Streaming multiprocessors, Blocks and Threads (CUDA)

The thread / block layout is described in detail in the CUDA programming guide. In particular, chapter 4 states:

The CUDA architecture is built around a scalable array of multithreaded Streaming Multiprocessors (SMs). When a CUDA program on the host CPU invokes a kernel grid, the blocks of the grid are enumerated and distributed to multiprocessors with available execution capacity. The threads of a thread block execute concurrently on one multiprocessor, and multiple thread blocks can execute concurrently on one multiprocessor. As thread blocks terminate, new blocks are launched on the vacated multiprocessors.

Each SM contains 8 CUDA cores, and at any one time they're executing a single warp of 32 threads - so it takes 4 clock cycles to issue a single instruction for the whole warp. You can assume that threads in any given warp execute in lock-step, but to synchronise across warps, you need to use __syncthreads().


For the GTX 970 there are 13 Streaming Multiprocessors (SM) with 128 Cuda Cores each. Cuda Cores are also called Stream Processors (SP).

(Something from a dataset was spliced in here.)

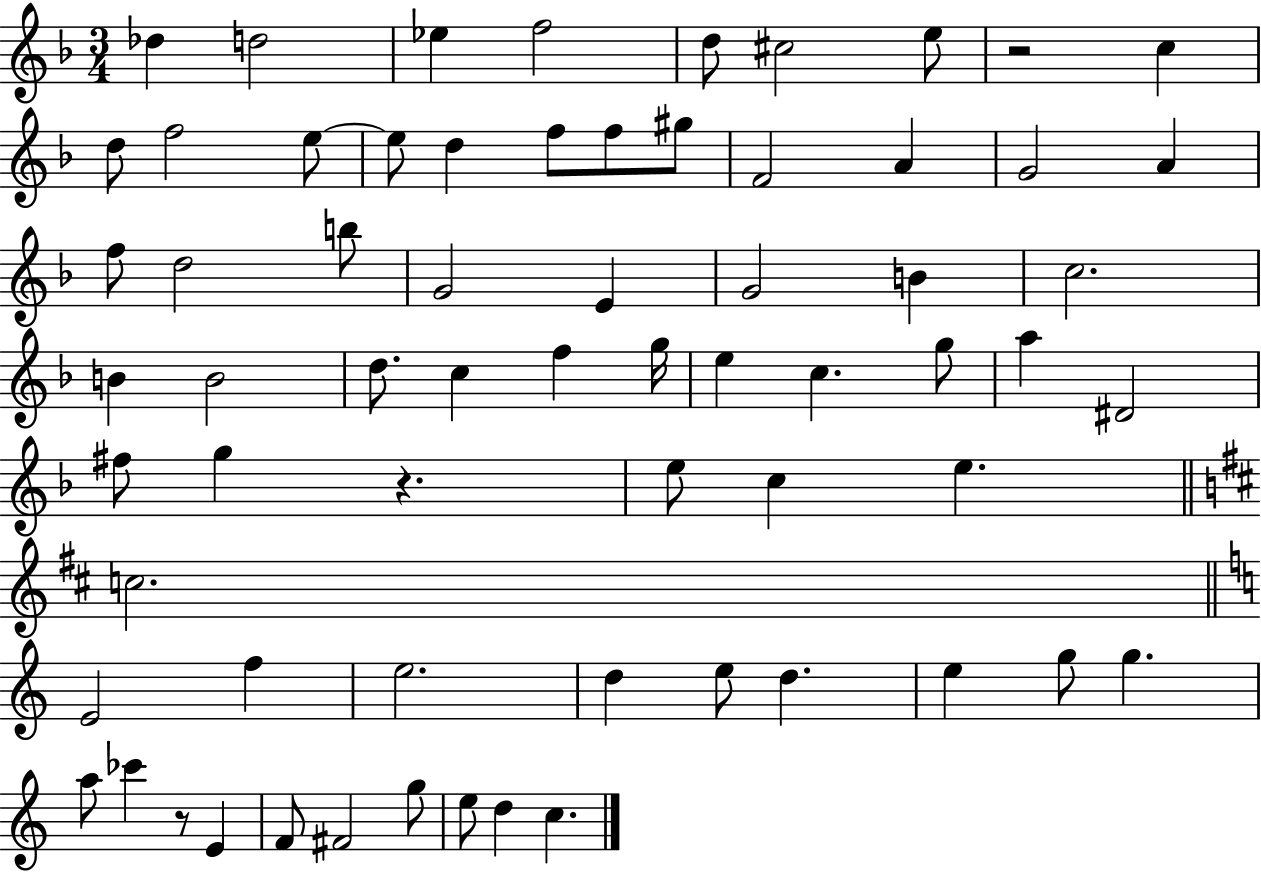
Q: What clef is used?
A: treble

You can define grids which maps blocks to the GPU.

You can define blocks which map threads to Stream Processors (the 128 Cuda Cores per SM).

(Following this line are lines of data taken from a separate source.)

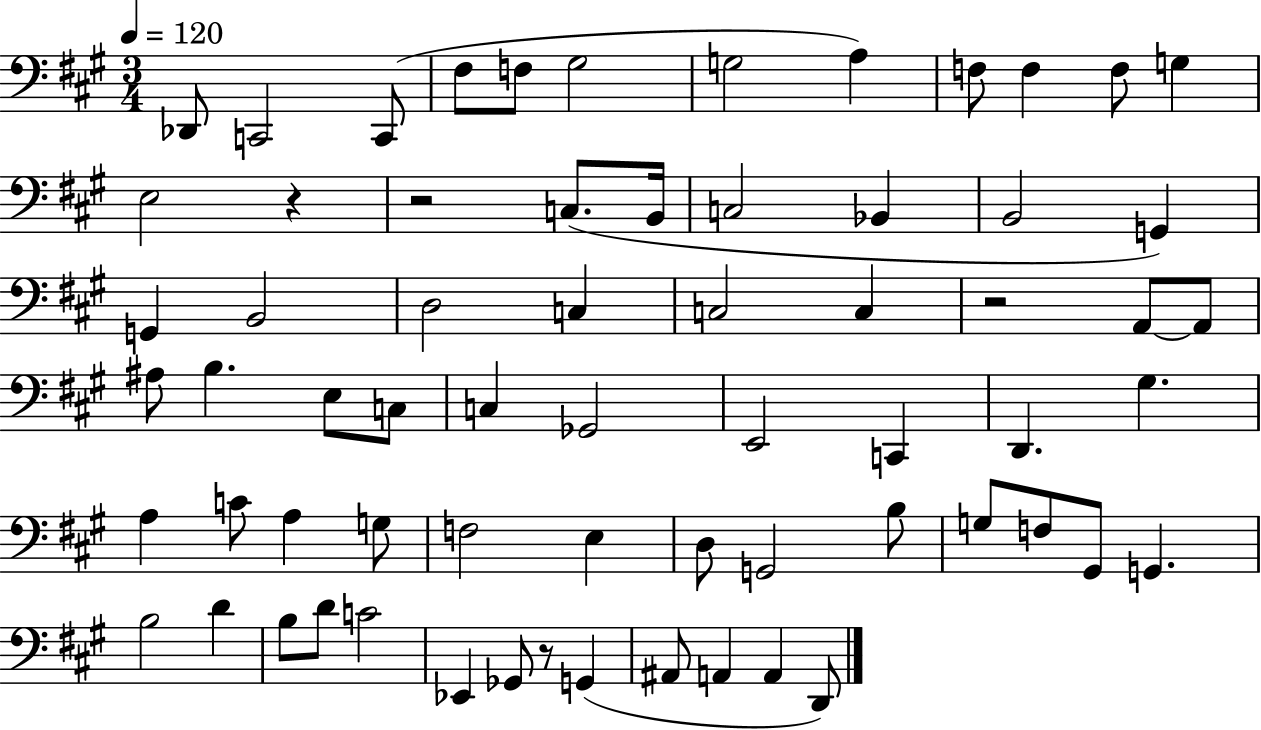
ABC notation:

X:1
T:Untitled
M:3/4
L:1/4
K:A
_D,,/2 C,,2 C,,/2 ^F,/2 F,/2 ^G,2 G,2 A, F,/2 F, F,/2 G, E,2 z z2 C,/2 B,,/4 C,2 _B,, B,,2 G,, G,, B,,2 D,2 C, C,2 C, z2 A,,/2 A,,/2 ^A,/2 B, E,/2 C,/2 C, _G,,2 E,,2 C,, D,, ^G, A, C/2 A, G,/2 F,2 E, D,/2 G,,2 B,/2 G,/2 F,/2 ^G,,/2 G,, B,2 D B,/2 D/2 C2 _E,, _G,,/2 z/2 G,, ^A,,/2 A,, A,, D,,/2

One warp is always formed by 32 threads and all threads of a warp are executed simulaneously.

To use the full possible power of a GPU you need much more threads per SM than the SM has SPs. For each Compute Capability there is a certain number of threads which can reside in one SM at a time. All blocks you define are queued and wait for a SM to have the resources (number of SPs free), then it is loaded. The SM starts to execute Warps. Since one Warp only has 32 Threads and a SM has for example 128 SPs a SM can execute 4 Warps at a given time. The thing is if the threads do memory access the thread will block until its memory request is satisfied. In numbers: An arithmetic calculation on the SP has a latency of 18-22 cycles while a non-cached global memory access can take up to 300-400 cycles. This means if the threads of one warp are waiting for data only a subset of the 128 SPs would work. Therefor the scheduler switches to execute another warp if available. And if this warp blocks it executes the next and so on. This concept is called latency hiding. The number of warps and the block size determine the occupancy (from how many warps the SM can choose to execute). If the occupancy is high it is more unlikely that there is no work for the SPs.

Your statement that each cuda core will execute one block at a time is wrong. If you talk about Streaming Multiprocessors they can execute warps from all thread which reside in the SM. If one block has a size of 256 threads and your GPU allowes 2048 threads to resident per SM each SM would have 8 blocks residing from which the SM can choose warps to execute. All threads of the executed warps are executed in parallel.

You find numbers for the different Compute Capabilities and GPU Architectures here: https://en.wikipedia.org/wiki/CUDA#Limitations

You can download a occupancy calculation sheet from Nvidia Occupancy Calculation sheet (by Nvidia).